Future efforts at predicting aphasia severity may benefit from improving model precision, aiming to make fewer false positives without compromising accuracy on the minority positive class (i.e., as observed with SVM). Access to larger sample sizes, and especially more patients with severe aphasia, may be helpful for improving performance119. We acknowledge that as models improve in accuracy, they may focus on other features than we have highlighted here. We emphasize that our core contribution is that an underexplored source of variance in aphasia can be mapped with deep learning. Moreover, the overall pattern of feature importance we describe converges with other recent sources of evidence that show integrity of areas outside the stroke lesion impact aphasia severity. Ultimately, models such as the one we have presented would have more clinical utility if trained on longitudinal imaging data and we expect these models to converge on similar features.

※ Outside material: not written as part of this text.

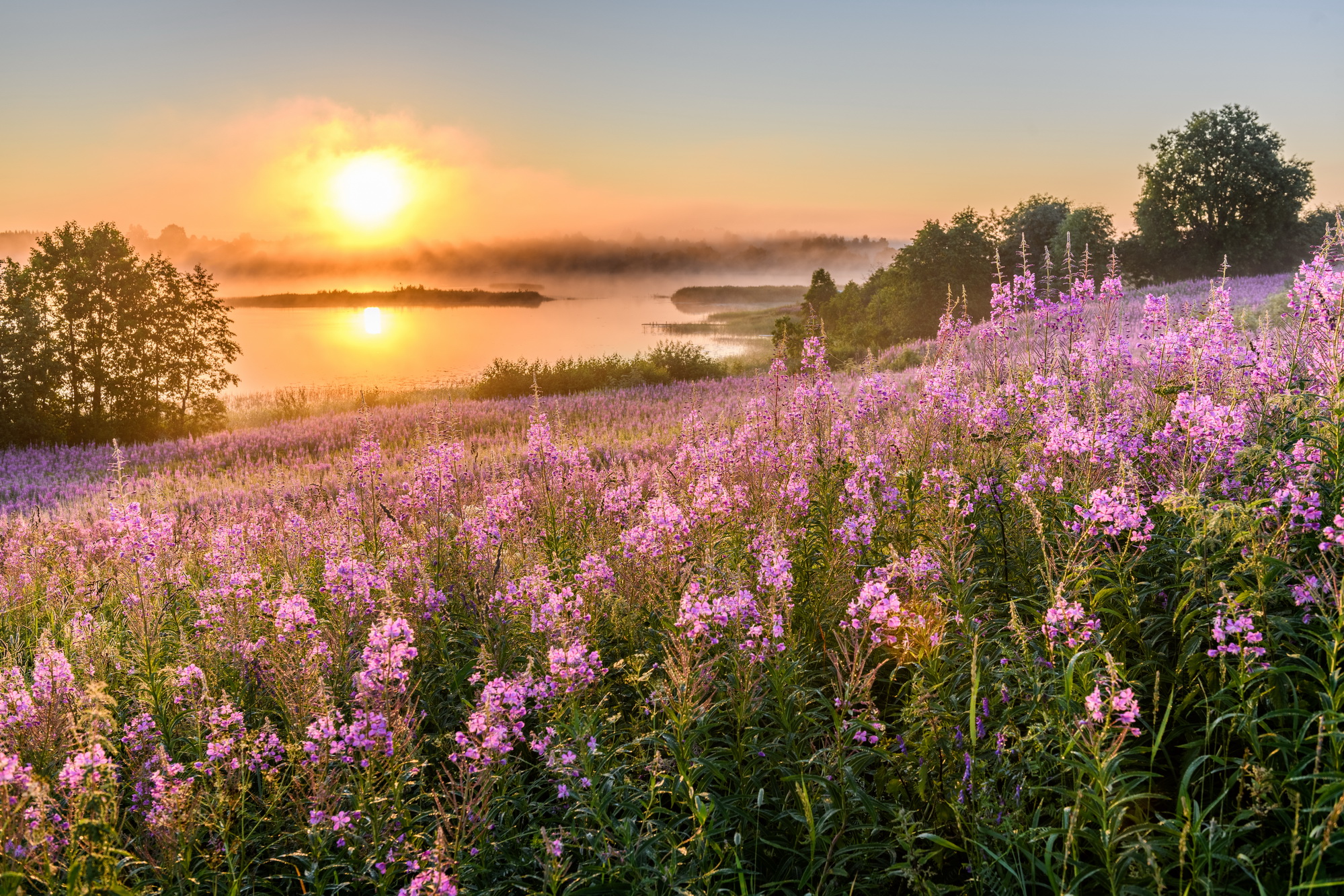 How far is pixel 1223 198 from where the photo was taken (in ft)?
161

Our work has focused on segmented tissue maps, but future studies are likely to find better performance through utilization of more granular brain and behavioral data (e.g., using more aphasia classes), as well as the integration of multiple imaging modalities, something that has been recently shown to be effective for stroke outcome prediction with CNNs36. Further, integration of demographic and other tabular data is critical for generating the most accurate models possible120, even though this presents some challenges for training CNNs, which expect spatial inputs. The extent to which inclusion of such data may preferentially boost classical machine learning performance over deep learning is unclear. However, inclusion of non-spatial data will not provide classical methods access to the kinds of spatially dependent patterns we have focused on here.

An important caveat to the results we present is that our data was downsampled to a lower resolution than typical to many neuroimaging analyses to make deep learning with nested cross-validation tractable. Deep learning may not be as effective for higher-dimensional neuroimaging data, other modalities, patient populations, or behavioral measures. Future work aimed to understand the impact of these factors on CNN performance could help inform researchers on the most appropriate tool for their task. Given the impossibility of testing every implementation of classical learning, we also cannot definitively say that these methods cannot compete with CNNs for identification of severe aphasia. Indeed, while our work indicates classical machine learning did not markedly differ in assigning feature importance when the CNN’s spatial capabilities were ignored, it is possible that classical learning identified some unique predictive signals that could improve CNN model performance. Our attempts to integrate model predictions assumed that a simple weighted average or linear function could retrieve the optimal model fusion. Further work would benefit from more complex stacking procedures, including setting aside larger data partitions for tuning the stacked model, and stacking more diverse groups of models.

Finally, there is some disconnect between deep learning, which is typically implemented for classification, and prior work on stroke outcomes with classical machine learning, which has focused on regression. While this makes model comparisons with prior work more difficult, here we presented models trained in a generally consistent way with previous work, but framed in the type of classification task that deep learning was designed to excel at. We stress that our findings do not suggest that classical methods (or previously published models) cannot compete with deep learning in terms of prediction accuracy, only that the kinds of patterns that deep learning is uniquely suited to identify are present in neuroimaging data, and useful for prediction, even if they contribute an incremental improvement to model accuracy.